India should focus instead on the long-term consequences of Bajwa’s reign which has seen the army's dominance over Pakistan’s polity weaken. Addressing Pakistan’s new internal instabilities might now demand a lot more Indian attention than Rawalpindi’s diplomatic reset

Bajwa has also been a very frequent visitor to the UK, where he has always been welcome. (Illustration by C R Sasikumar)Bajwa has also been a very frequent visitor to the UK, where he has always been welcome. (Illustration by C R Sasikumar)
October 11, 2022 08:48 AM IST First published on: Oct 11, 2022 at 04:10 AM IST

For an Army Chief who says he is retiring next month, Pakistan’s General Qamar Javed Bajwa has been getting a lot of attention. He recently spent nearly a week doing the rounds in Washington and meeting the top echelons of the US establishment. Three factors might explain the renewed American engagement with Pakistan. For one, Pakistan’s army chief never really went out of reckoning in Western capitals. Bajwa was visiting the US after a long time. However, the visit was planned much earlier and had to be rescheduled because of the Covid-19 restrictions.
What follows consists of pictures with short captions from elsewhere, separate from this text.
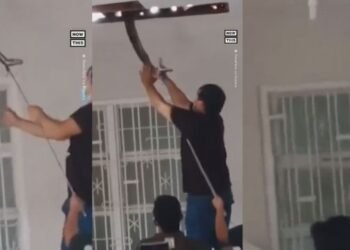 ঘৰৰ চাদৰ পৰা আহি আছিল অদ্ভুত শব্দ; কিহৰ শব্দ হয় চাওতে ওলাল ১৫ ফুট দীঘল এডাল প্ৰকাণ্ড অজগৰ (Giant Phython), চাওক Viral Video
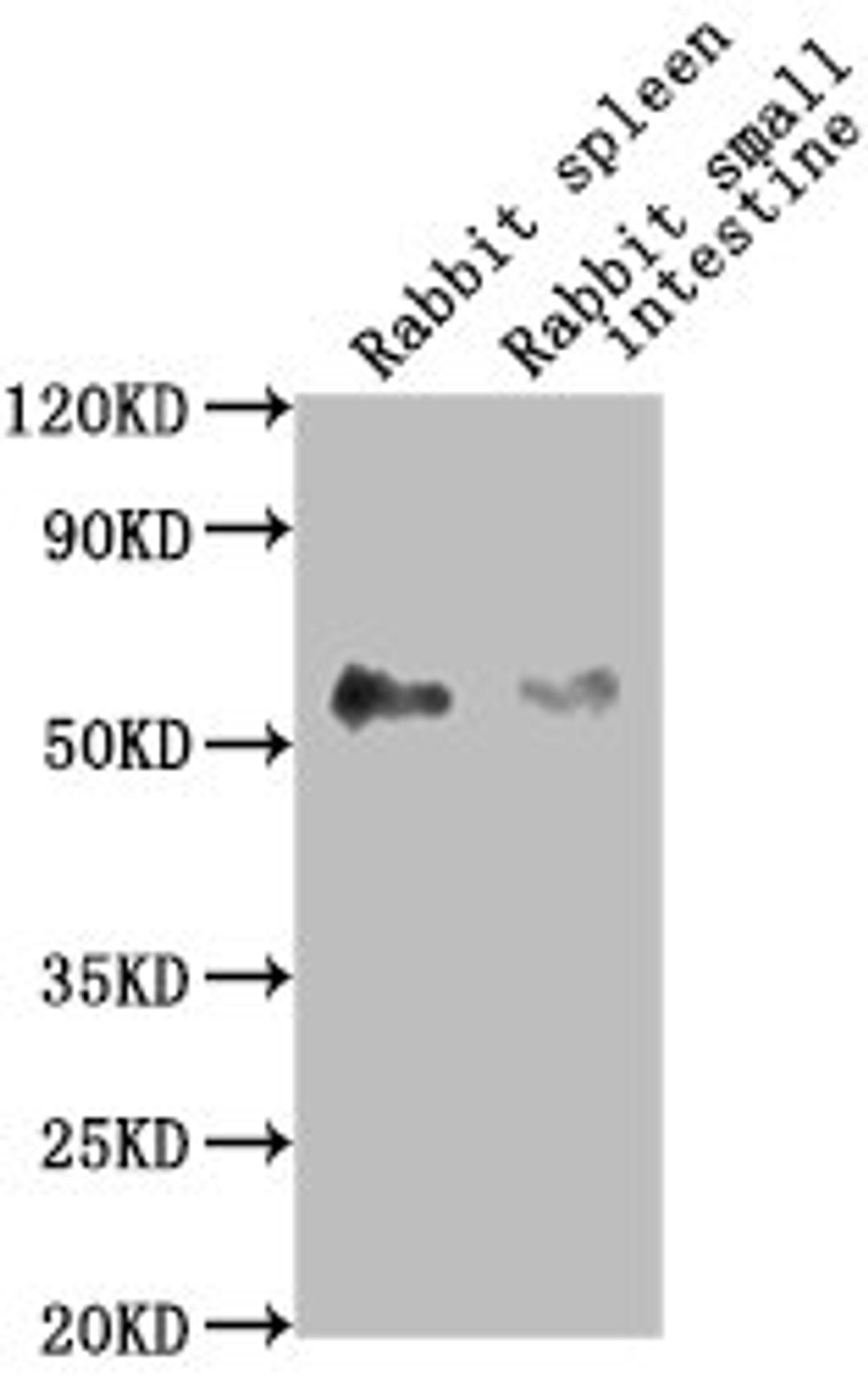 Western Blot. Positive WB detected in: Rabbit spleen tissue, Rabbit small intestine tissue. All lanes: CD14 antibody at 1:2500. Secondary. Goat polyclonal to Mouse IgG at 1/10000 dilution. Predicted band size: 41 kDa. Observed band size: 55 kDa. 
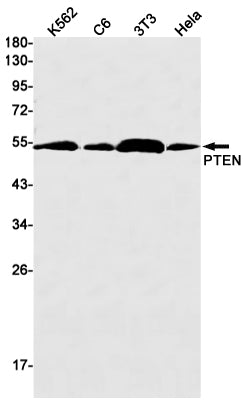 PTEN Rabbit Monoclonal Antibody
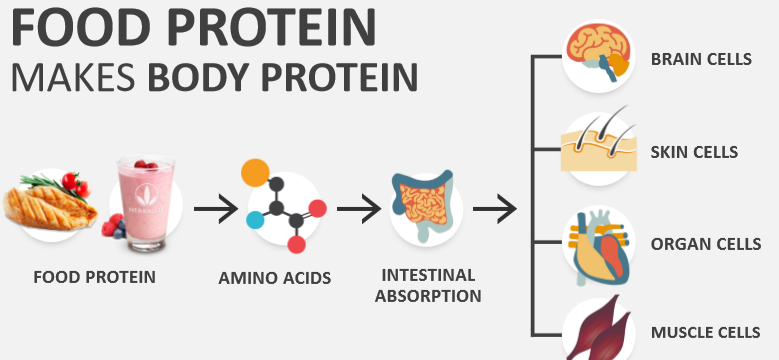 Food Protein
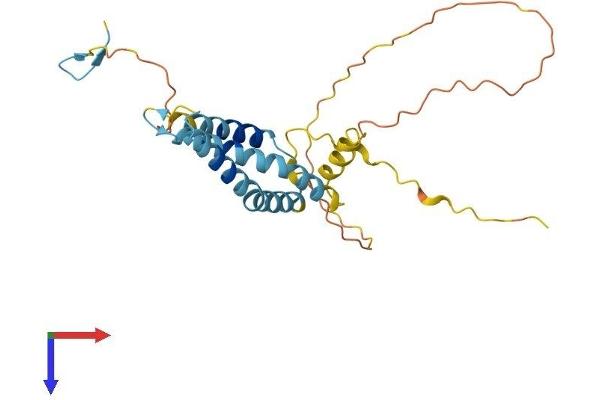 OCIAD1 Protein (AA 1-245) (His tag)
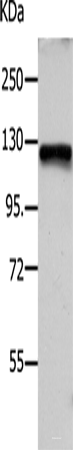 Western blot analysis of Hela cells  using VCL Polyclonal Antibody at dilution of 1:1200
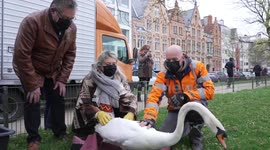 Belgian swans released after months of their own virus lockdown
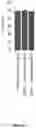 Fig. 17 - Chemically modified guide RNAS for CRISPR/Cas-mediated gene regulation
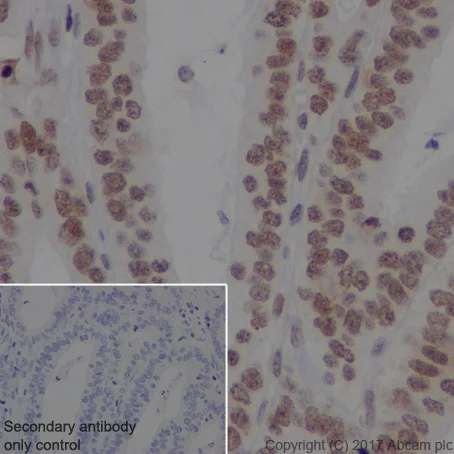 Immunohistochemistry (Formalin/PFA-fixed paraffin-embedded sections) - Anti-DEK antibody [EPR20401] - BSA and Azide free (AB251566)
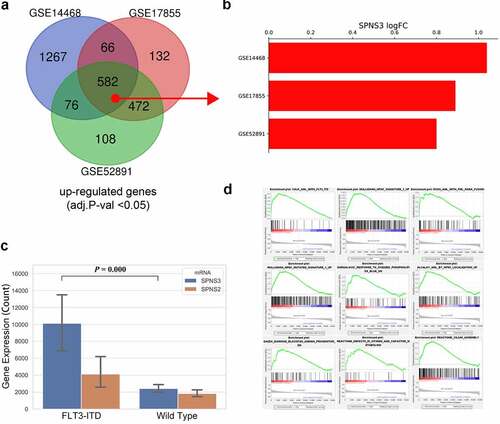 Figure 5. Identification of the FLT3-ITD mutation as an important regulator of SPNS3 expression. a. 582 upregulated genes (adj.P-val<0.05) in FLT3-ITD-positive AML were selected after the venn analysis of three GEO datasets (GSE14468, GSE17855, and GSE52891). b. Log2 value of the fold-change in SPNS3 expression indicated a consistently high expression of SPNS3 in FL3-ITD-positive AML in the above mentioned three datasets. c. Analysis of gene expression in the TARGET database showed that SPNS3 expression was significantly high in FLT3-ITD-positive AML samples whereas there was no apparent intergroup difference in SPNS2 expression. D. The AML samples with high SPNS3 expression in the TARGET database tended to be enriched with FLT3-ITD mutations on the GSEA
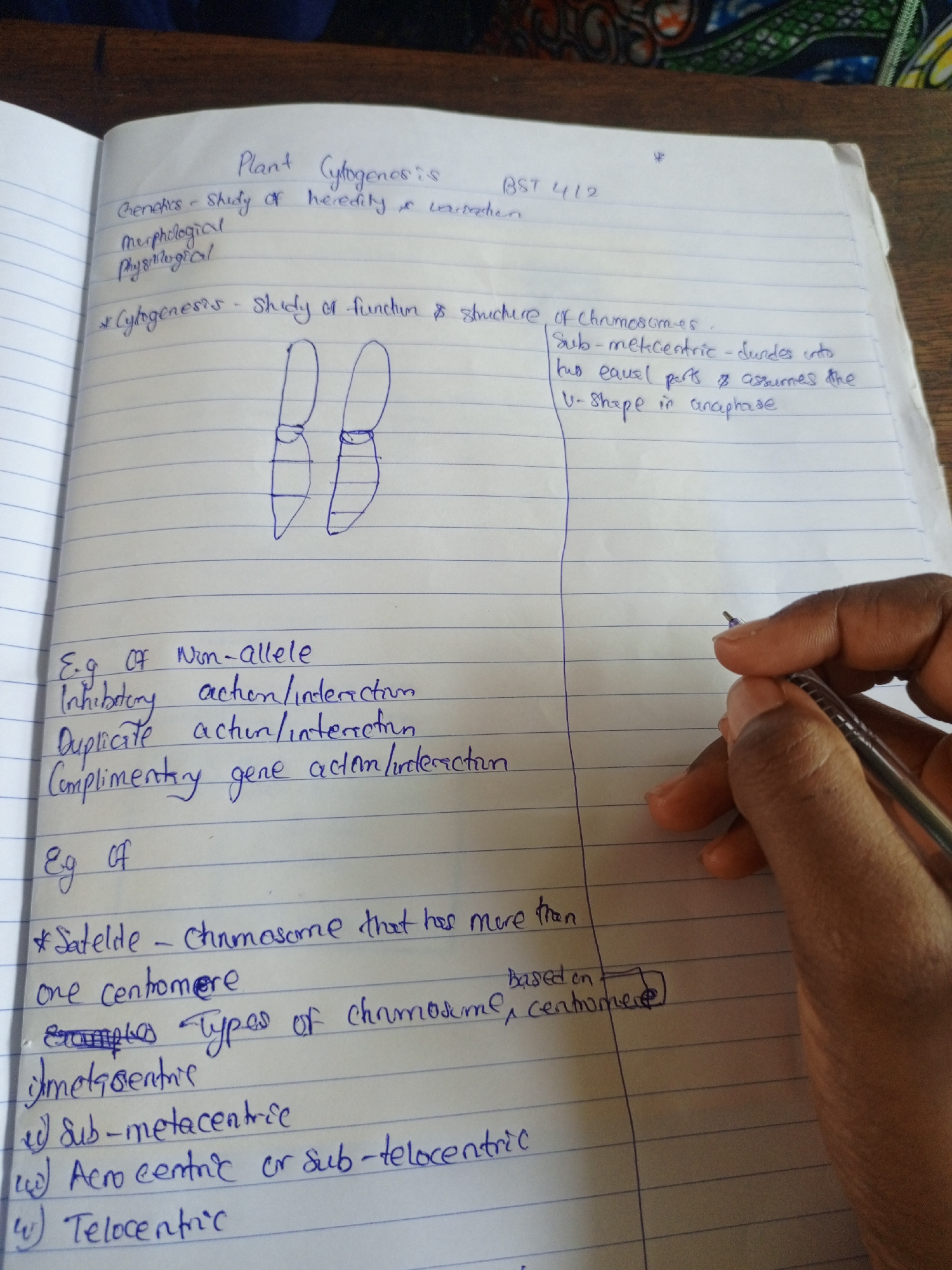 The image captures a close-up, slightly overhead view of a person's right hand holding a black and silver pen, poised over an open notebook, suggesting a study or note-taking session. The notebook contains blue-lined white paper with extensive handwritten notes in blue ink.
The visible text indicates a focus on biological or genetic topics, including the title "Plant Cytogenesis BST 412." Definitions such as "Genetics - Study of heredity & variation" and "Cytogenesis - Study of function & structure of Chromosomes" are present. A hand-drawn diagram illustrating two chromosomes is visible in the middle of the page. Further notes elaborate on "Sub-metacentric" chromosomes, describing how they "divides into two equal parts & assumes the V-shape in anaphase." The page also lists examples of "Non-allele" interactions like "Inhibitory action/interaction," "Duplicate action/interaction," and "Complimentary gene action/interaction." A definition for "*Satellite - Chromosome that has more than one centromere" is also included. The notes then categorize "Types of chromosomes, based on centromere," listing "i) Metacentric," "ii) Sub-metacentric," "iii) Acrocentric or sub-telocentric," and "iv) Telocentric."
The notebook rests on a warm-toned wooden surface, likely a desk or table. Portions of a colorful, patterned fabric are visible in the top left and right corners of the frame. The lighting suggests it is daytime. The person's hand has tan skin.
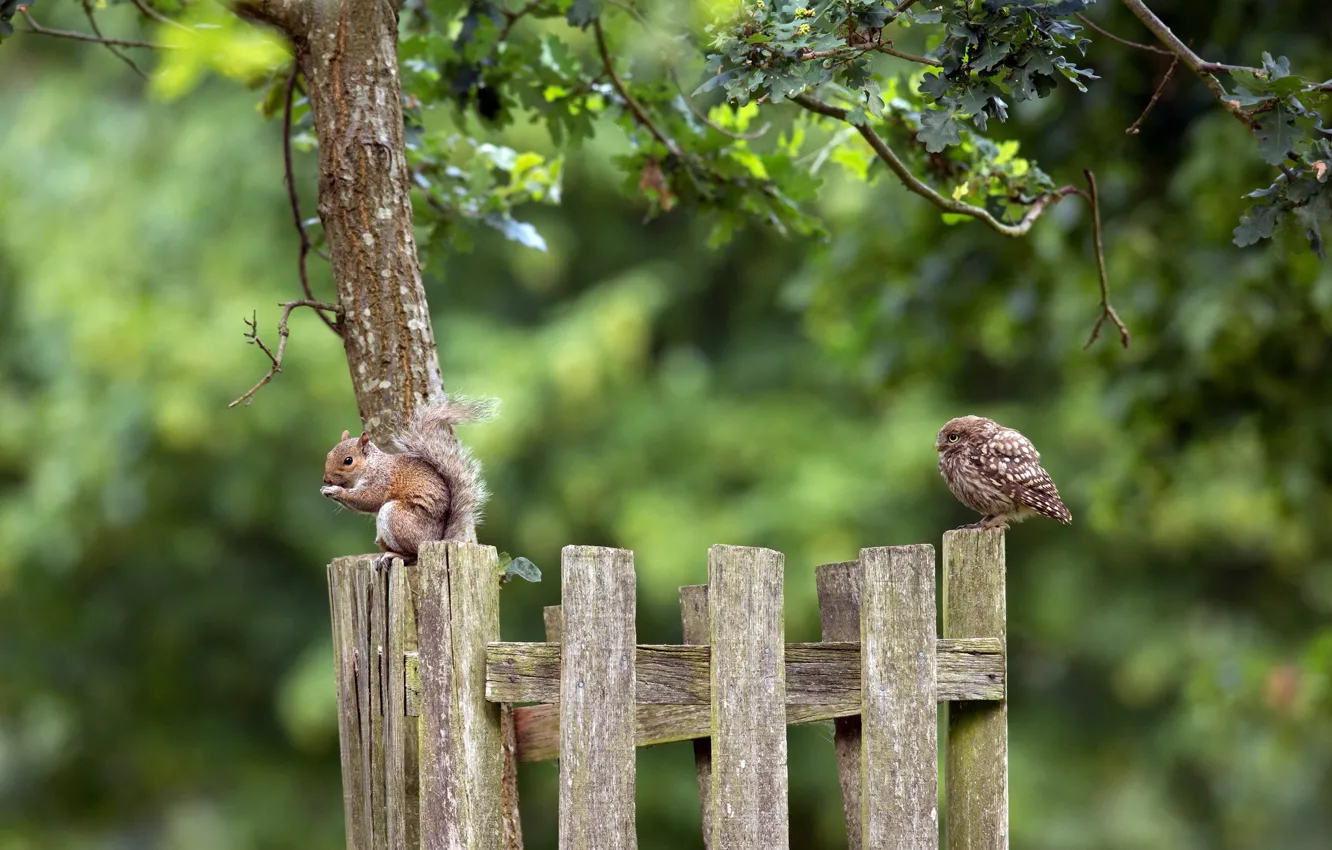 Photo wallpaper nature, owl, protein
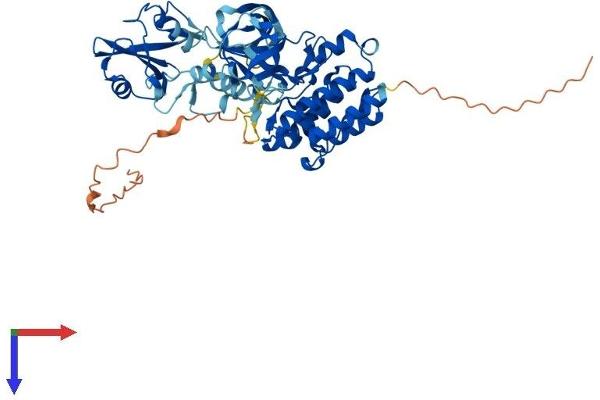 MATK Protein (AA 1-507) (His tag)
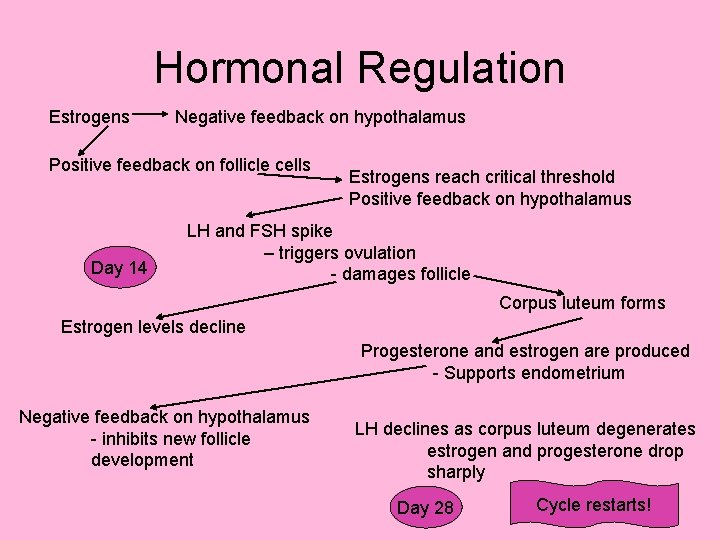 Hormonal Regulation Estrogens Negative feedback on hypothalamus Positive feedback on follicle cells Day 14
Bajwa has also been a very frequent visitor to the UK, where he has always been welcome. London has long been a consistent friend of Pakistan and has often acted as its interlocutor in Washington, whose interest in Rawalpindi could be intense and instrumental but also episodic. Bajwa, whether formally in charge or not, is the de facto CEO of the world’s fifth-most populous state. Even more important, Pakistan occupies a vital piece of real estate that sits between the Subcontinent, Iran, Arabia, Central Asia, Russia and China.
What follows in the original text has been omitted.